Con el rechazo de la denuncia, en principio, el Gobierno brasileño puede respirar algo más tranquilo en la preparación de las elecciones presidenciales que han de celebrarse en 14 meses. Y, a la vez, consolidar lo que Temer vende como “reformas estructurales”, pero que, lastrado por las presiones de los que ahora le mantienen en el poder, no son sino una receta incompleta de recortes sociales, rebajas fiscales y precarización del mercado de trabajo que no toca problemas de fondo, como la corrupción en los contratos públicos, la excesiva burocracia y la arbitrariedad jurídica.

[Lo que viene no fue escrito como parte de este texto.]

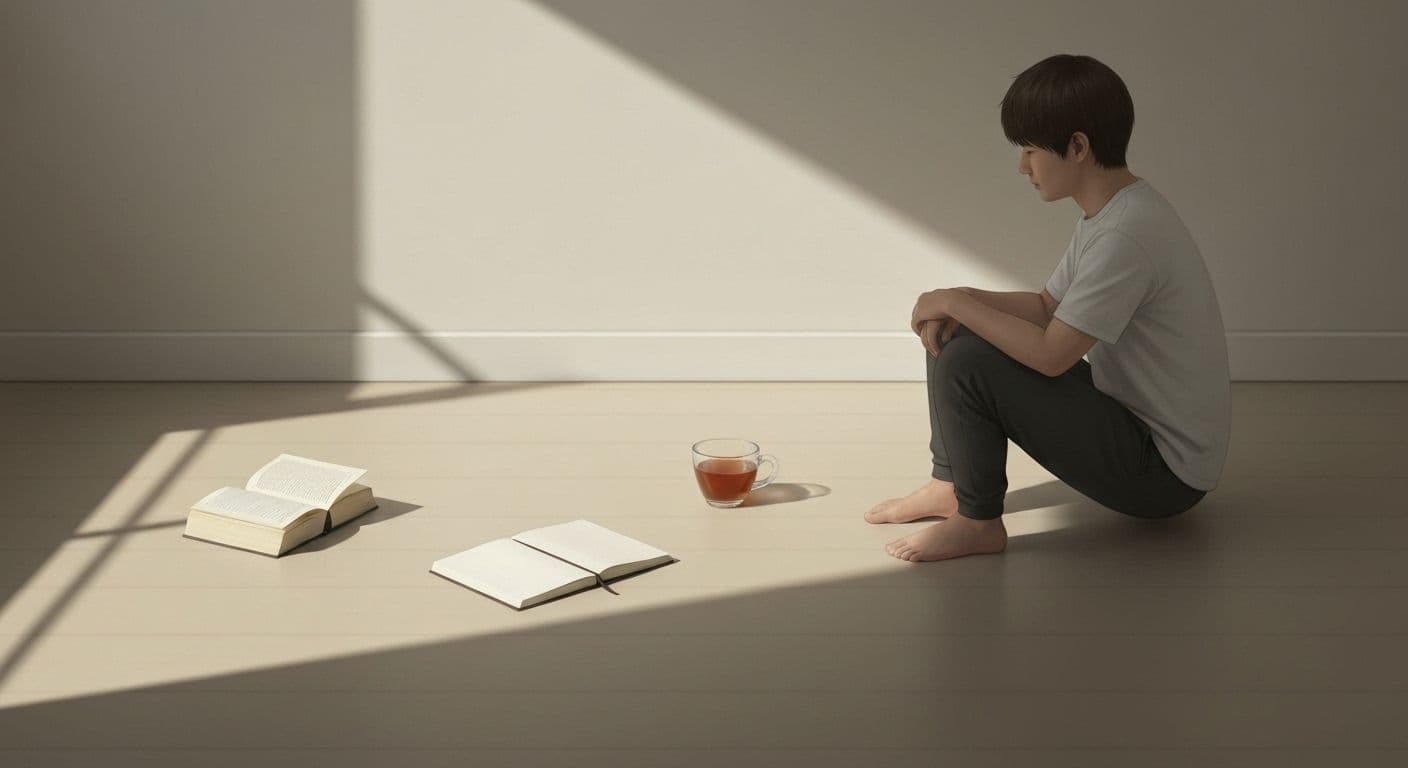 Person sitting peacefully reflecting on how to overcome heartbreak from a relationship through authentic emotional processing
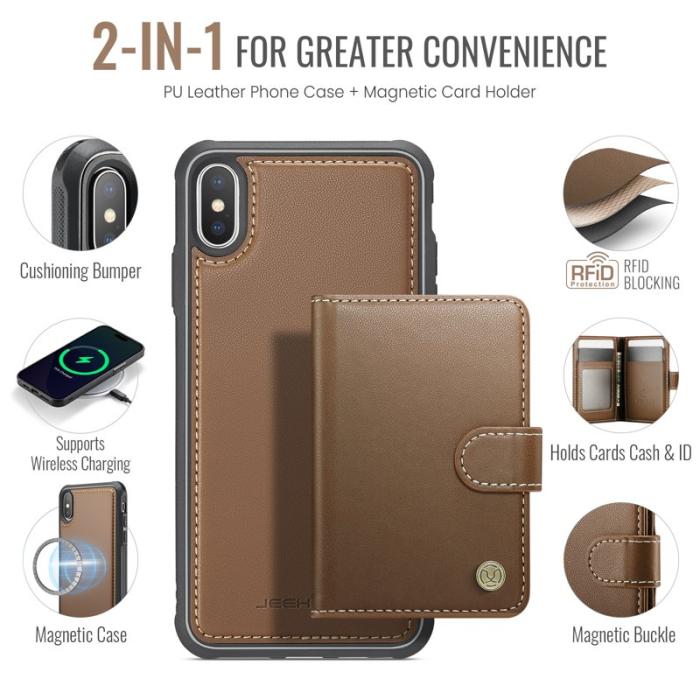 JEEHOOD - JEEHOOD J09 Fodral iPhone XS Max 6.5 tum RFID Läder Brun
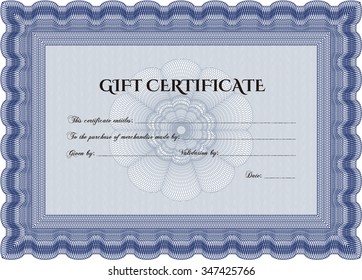 Formal Gift Certificate. Easy to print. Detailed.Excellent complex design. 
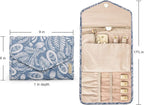 BAGSMART Travel Jewellery Organiser Roll Foldable Jewelry Case for Journey-Rings, Necklaces, Bracelets, Earrings, White Leaf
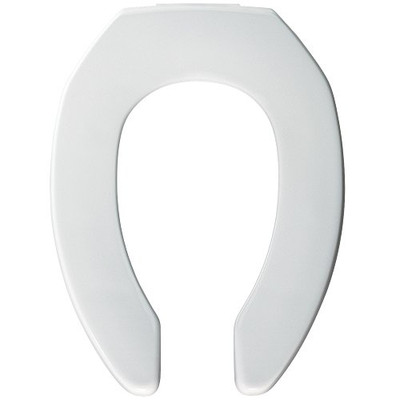 Bemis SX-0248328 Elongated Medic-Aid Open Front With Less Plastic Toilet Seat in White with STA-TITE, DuraGuard and 3-inch Lifts
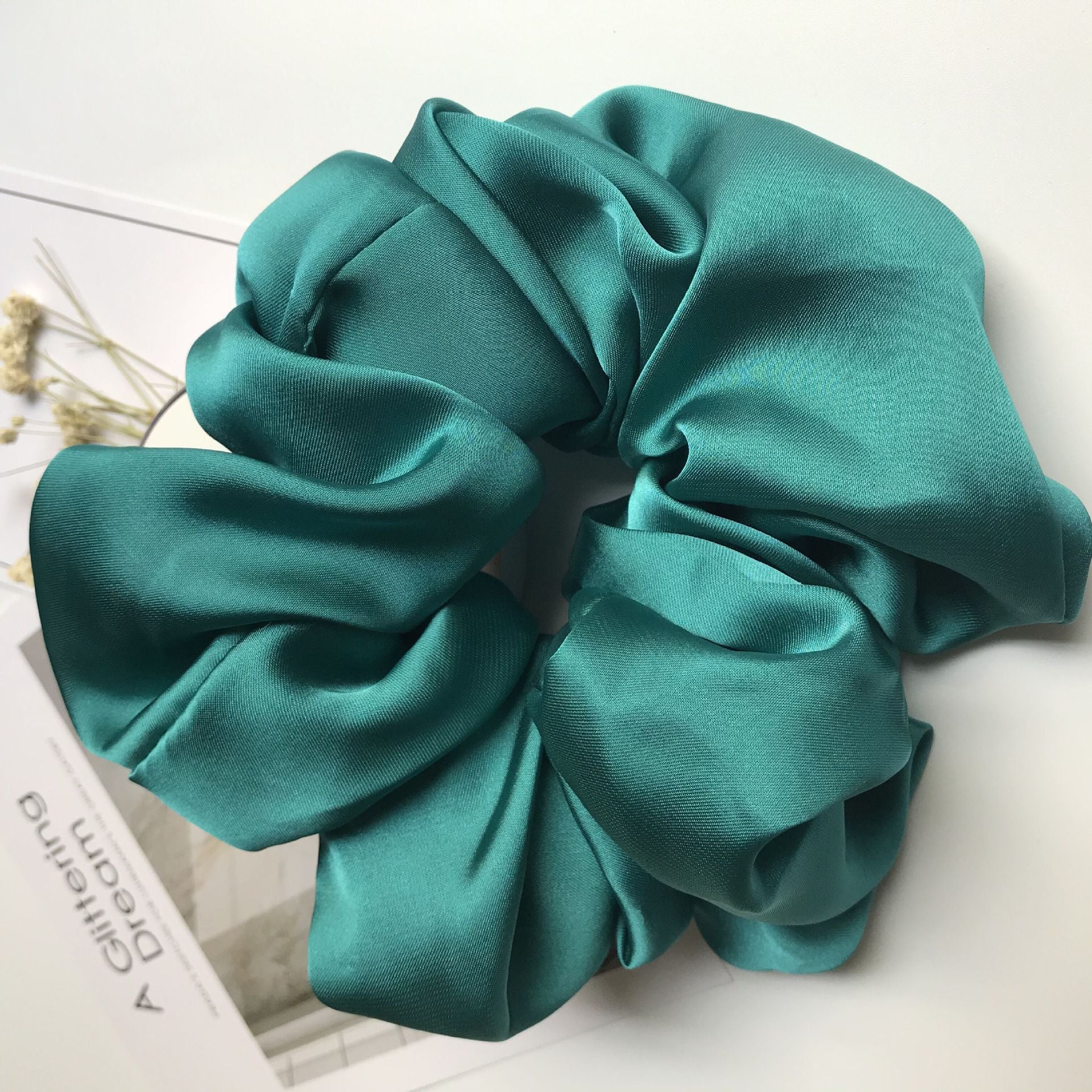 The Silk Grandeur Scrunchie: Oversized Luxurious Satin Hair Tie - Handcrafted Statement Accessory for Velvet Softness Feminé Luxé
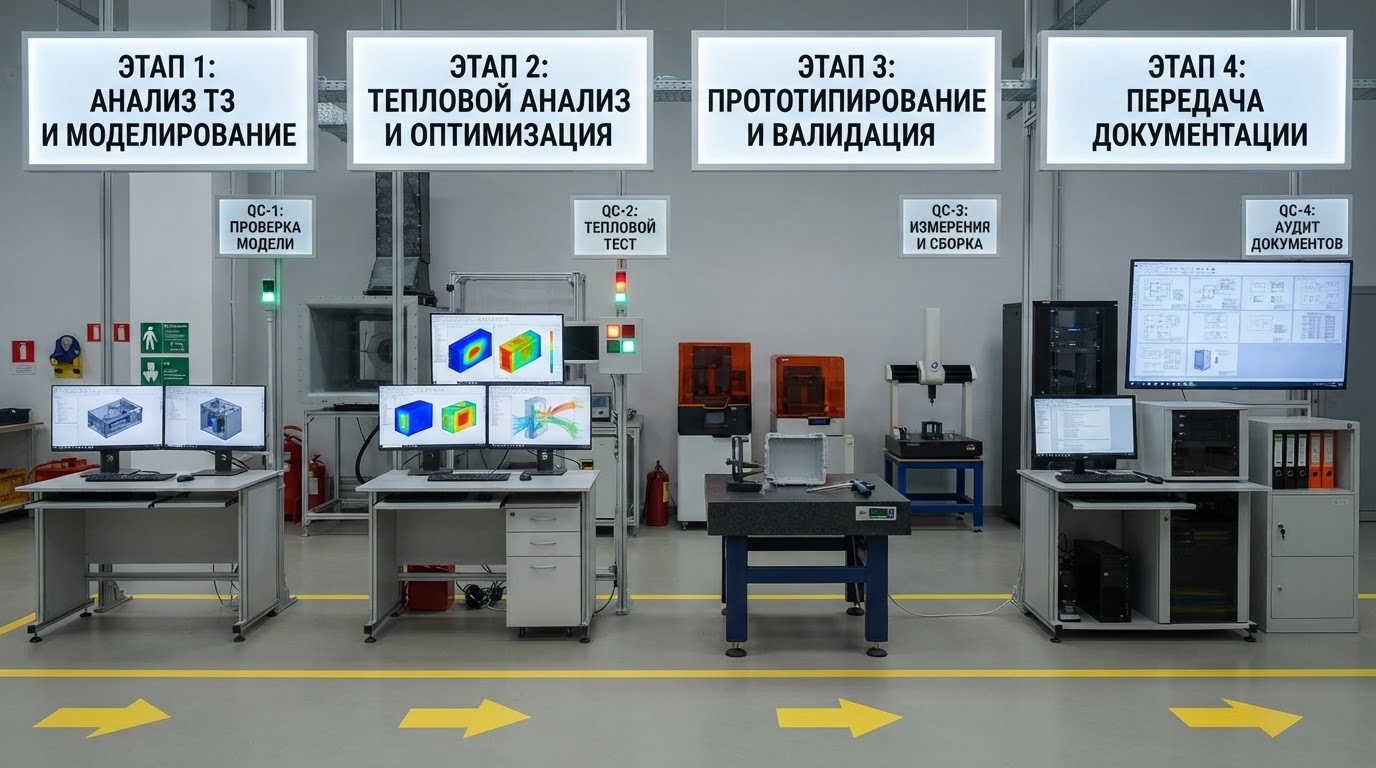 Блок-схема этапов подготовки корпуса к производству: от анализа ТЗ через 3D-моделирование, тепловой анализ, прототипирование до передачи документации, горизонтальная последовательность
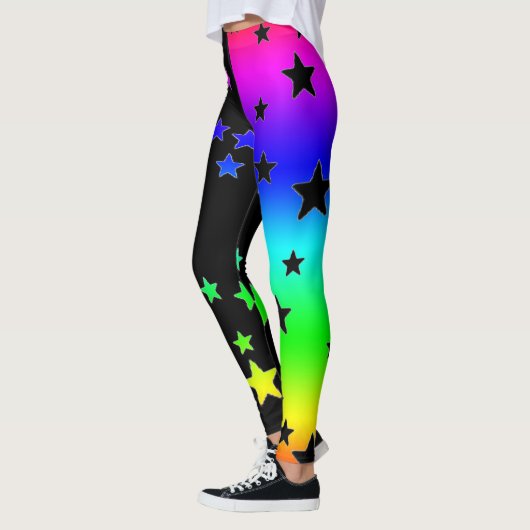 Leggings Black Et Rainbow Star (Gauche)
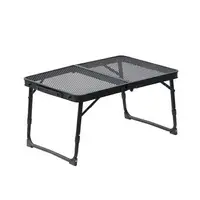 在飛比找樂天市場購物網優惠-【露營趣】DS-489 鋁合金二段可調鋼網桌 折疊網桌 折疊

Las reacciones populares a la decisión del Congreso, a primera vista, han sido tibias: las manifestaciones pidiendo la investigación sobre Temer no han atraído a las masas que el año pasado pedían la destitución de Rousseff. El principal motivo es que han pasado tres años desde la primera fase de Lava Jato, y la opinión pública está agotada. Pero el escándalo ha mostrado a muchos brasileños que, cuando se la deja trabajar, la Justicia puede y debe enfrentarse a una corrupción sistémica que muchos creían intocable. La sensación de impunidad no hará más que combinarse con la persistente crisis económica para crear una exasperante desilusión. Y, como hemos visto en muchos procesos electorales a lo largo de 2016, un electorado en esa situación da en las urnas respuestas que pueden llegar a ser peligrosas para la estabilidad del país y de la región. Al final la sangría puede haberse estancado, como quería Romero, pero el torniquete no va a durar mucho.